Что будет со мной в следующий Йом-Кипур? Что будет с моей женой, оставшейся на «свободе»? Что будет с престарелыми родителями, с братом и сестрой? Что будет с десятками тысяч моих единоверцев? Что будет с моими собратьями по ту и по эту сторону границы?

Мозг не в состоянии ответить, и отвечает встревоженное сердце молитвой и трепетом.

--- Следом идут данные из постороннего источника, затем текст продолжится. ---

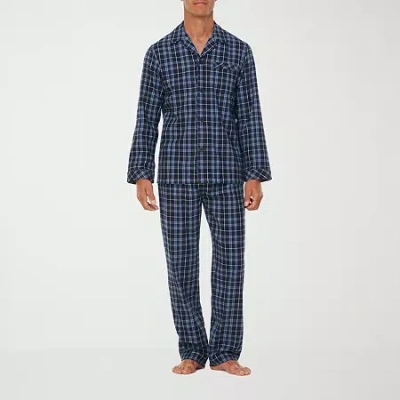 Residence Mens Flannel Long Sleeve 2-pc. Pajama Set In Blue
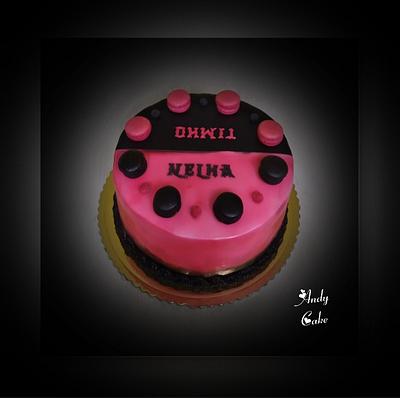 Black and Pink birthday cake - Cake by AndyCake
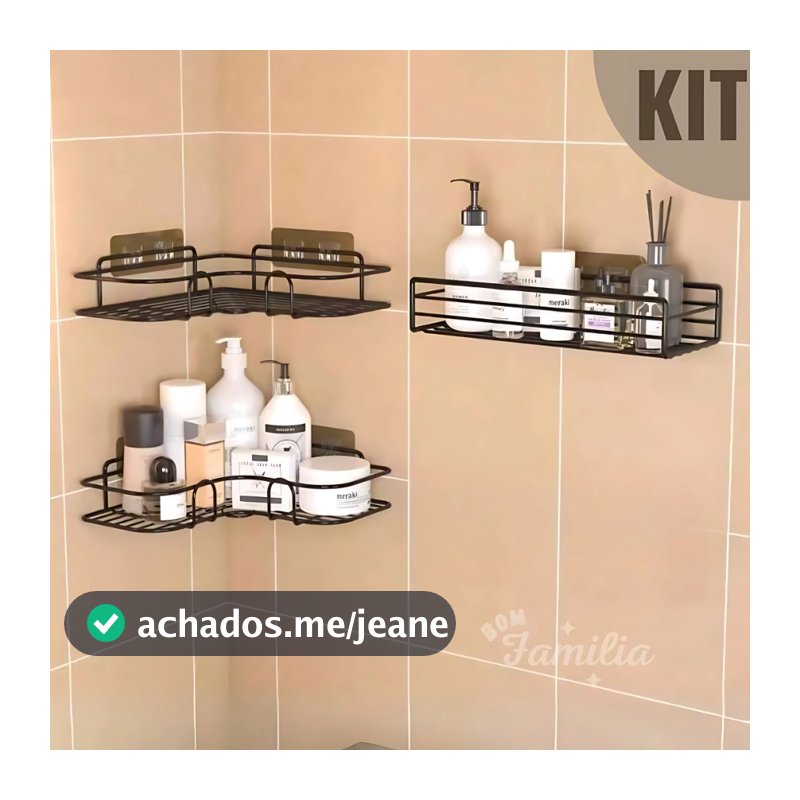 1/2/3 Prateleiras Suporte Auto Adesivas Organizadoras De Metal Banheiro Cozinha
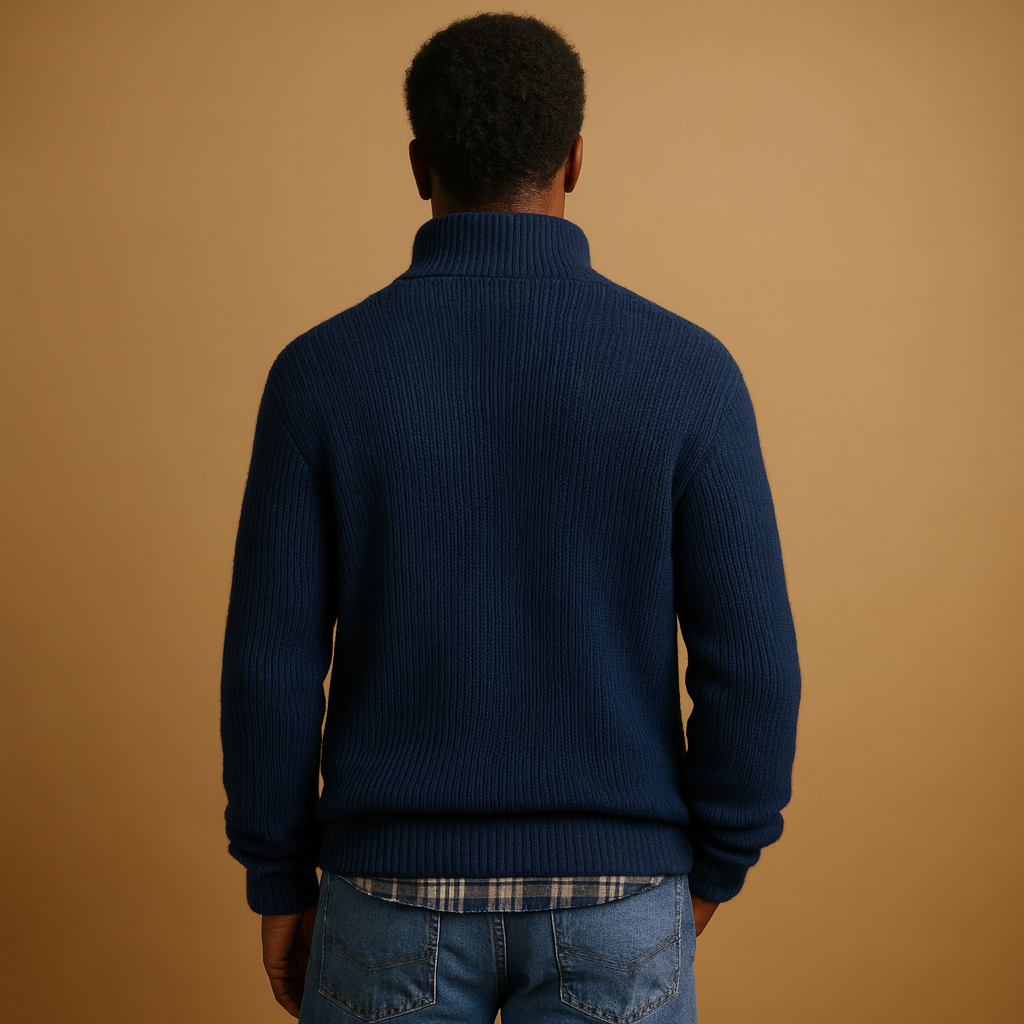 Men's Quarter-Zip Wool Knit Top with Structured Rib Texture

Повторяя про себя передававшиеся из поколения в поколение слова молитвы, я снова чувствую, как исчезают непроницаемые преграды между мной и моими близкими. Исчезла камера, исчезли стены и появилась во всем великолепии ярко освещенная синагога, я вижу бедный родительский дом, освещенный любовью матери, чистотой и верой. Ночь «Кол-нидрей» в тюрьме НКВД, Судный день в Лукишках — такая ночь тоже может быть ночью утешения, такой день тоже может стать днем единения со всем светлым, что бываете жизни человека.

Ночь прошла, день сменился вечером, и сразу после Судного дня наступили ночи допросов.